その中でも、「よき友」は好きな話だ。ジムがエイズを患ってから死ぬまでの、逆らいようのない、穏やかで静かな時の流れを感じられる。マイノリティの人たちの抱える問題を追うことで、溢れるほどの愛情と優しさがぐっと迫ってきて、結末の悲しさをより深くしている。自分もみんなも仲間で、その場で一緒になって悲しみにくれるような一体感をもたらしてくれる。
評価:
詩集を思わせる短編集だ。ここに収められた短編はどれも、リズムのよい美しい響きの文章からなり、静かな愛を幻想的に表現している。喜びも悲しみも、抑制が効いた静かなトーンで語られ、とにかく文章のリズムが素晴らしい。吟味された言葉をひとつずつ紡いでできた文章は、ひとつひとつ大切に選んだビーズをつなげて作ったブレスレットか何かのようなイメージだ。男女の燃えるような愛よりも、同性愛の静かに求め合う愛を題材にした作品が多いせいもあるが、ギラギラした感じが全然なく、むしろ透明感さえ感じさせる。

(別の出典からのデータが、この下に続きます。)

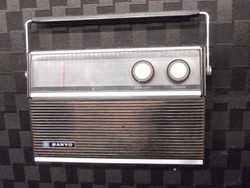 Sanyo 10G-831HU rádió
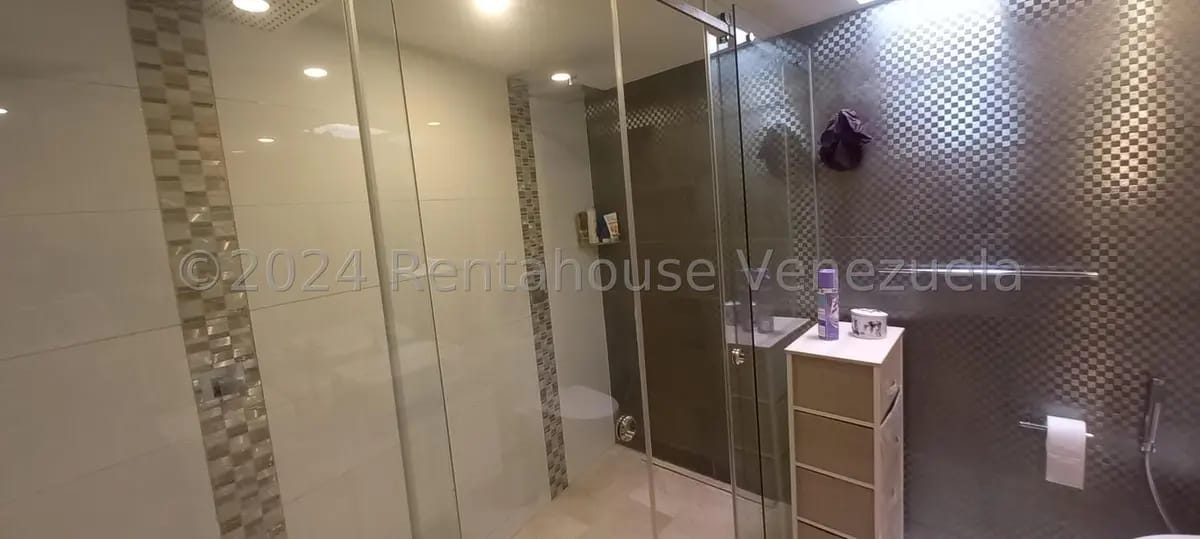 Casa (Multipes Niveles) en Venta en Los Castores, Miranda - 28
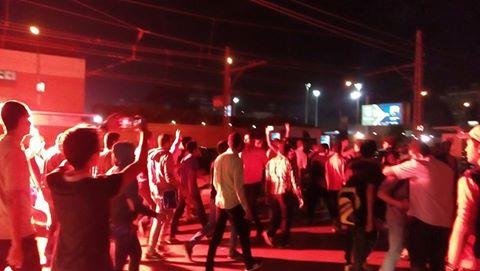 فيديو| تظاهرة معارضة للانقلاب بمحيط قصر الاتحادية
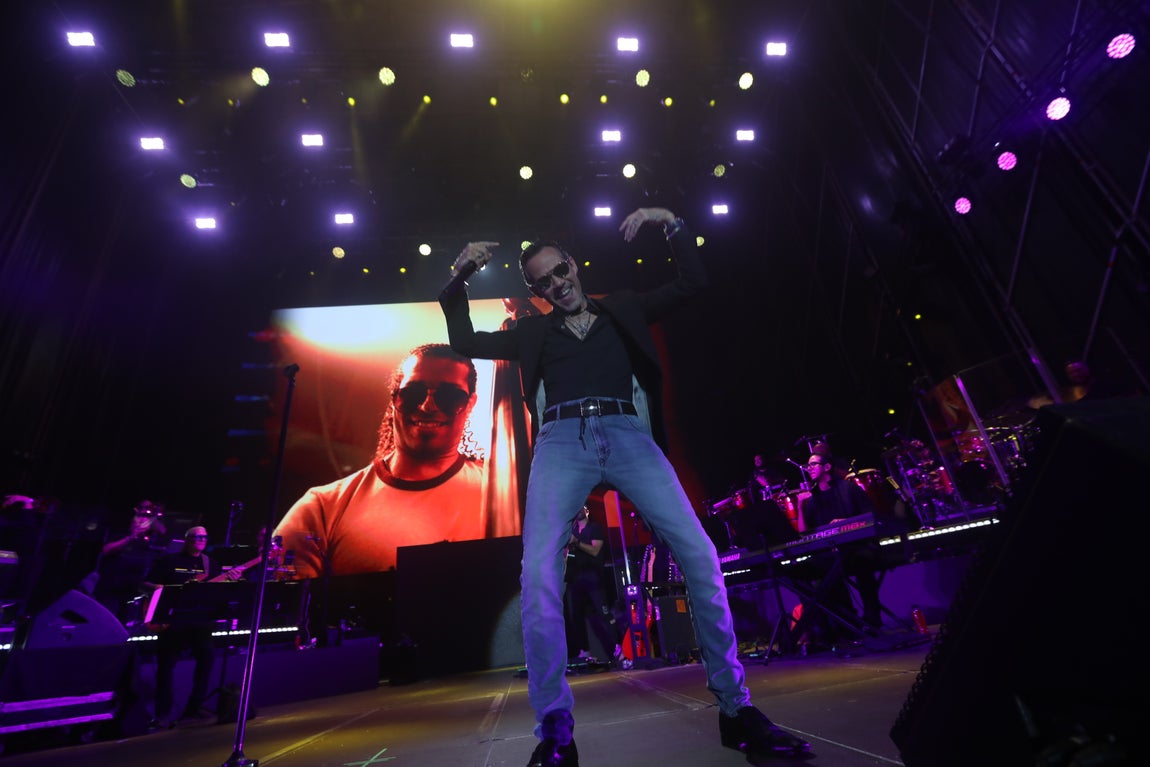 Marc Anthony sigue la estela de JLo en Cádiz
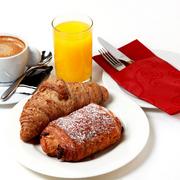 Desayuno con bollería Barra de Sandó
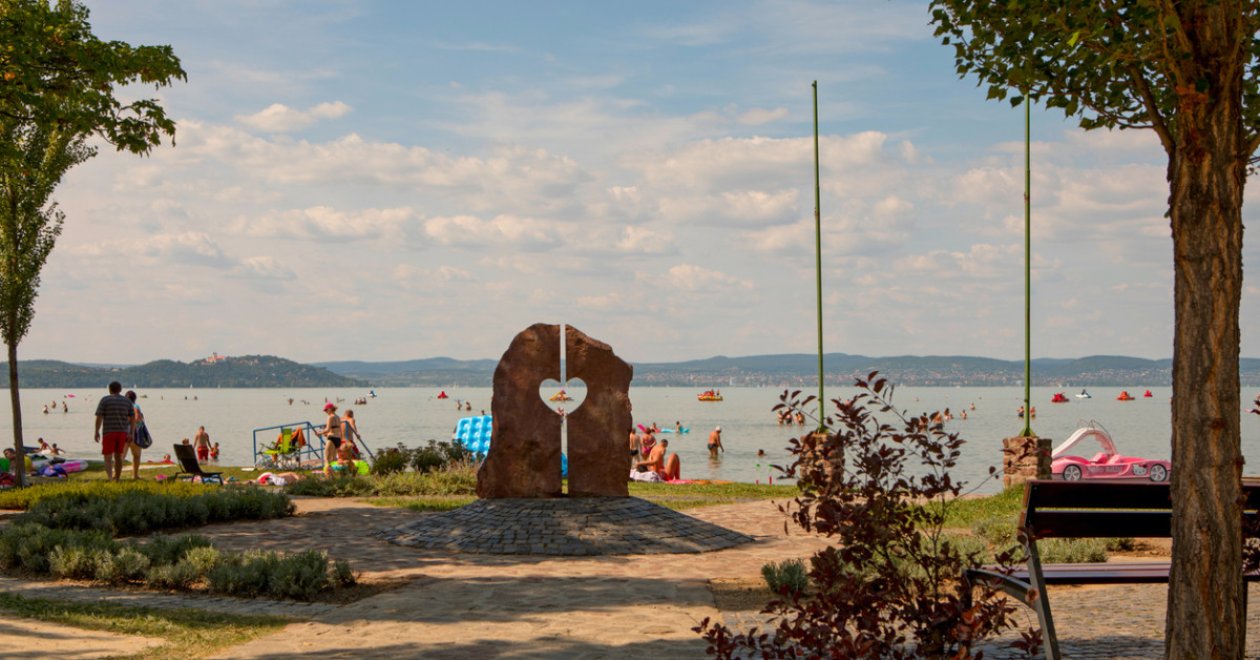 Ahol a levegő is más – Miért választanak egyre többen otthont a Balaton partján?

内容的には「面白い」という評価にはならないかもしれないが、とにかくリズムのよい文章の美しさを堪能したい。象徴としての言葉を受け取って、そこからイメージをふくらませる……そんな楽しさが味わえる作品だ
評価:
ひとつひとつを抱きしめたくなるような、小さくて繊細でいとおしい短編集。
表題作は、二人が常に一緒にいるために、目をつぶした音楽家と耳をつぶした画家のお話。周囲にはばれないように、足りないところは補い合って生きていく二人だけの生活スタイル。美しい愛の物語になるのかと思いきや、互いに依存しあう生活に時々ふっとよぎる疑問や出てくる綻び。巻末の訳者あとがきに、「原文では『私』も『あなた』も男性だか女性だかわからないような書き方になっている」とあり、著者はレズビアンの作家として有名らしい。だが、同性だとか異性だとかにかかわらず付きまとう恋愛の美しさと怖さを描いた素晴らしい作品。
中篇「よき友」は、(おそらく)エイズに感染したゲイの友達との別れを体験する女性のお話。後半ずっと静かに涙を流しながら読み進め、読み終わった後も身動きをすることが出来なかった。
とてもいい映画を見た後は、場内の明かりがつくのがもったいないような、映画館から出て様々な音や光が氾濫する世界に戻りたくないような気分になる。この短編集も同じで、一つを読み終わったあと、そっとそれが胸の中に広がりきるのを待ってからでないと、日常に戻れなかった。
小川洋子さんが帯の推薦文を書いているが、小川さんの小説のような静かで美しい、でも少しだけ歪んでいるような愛の世界が好きな人におすすめ。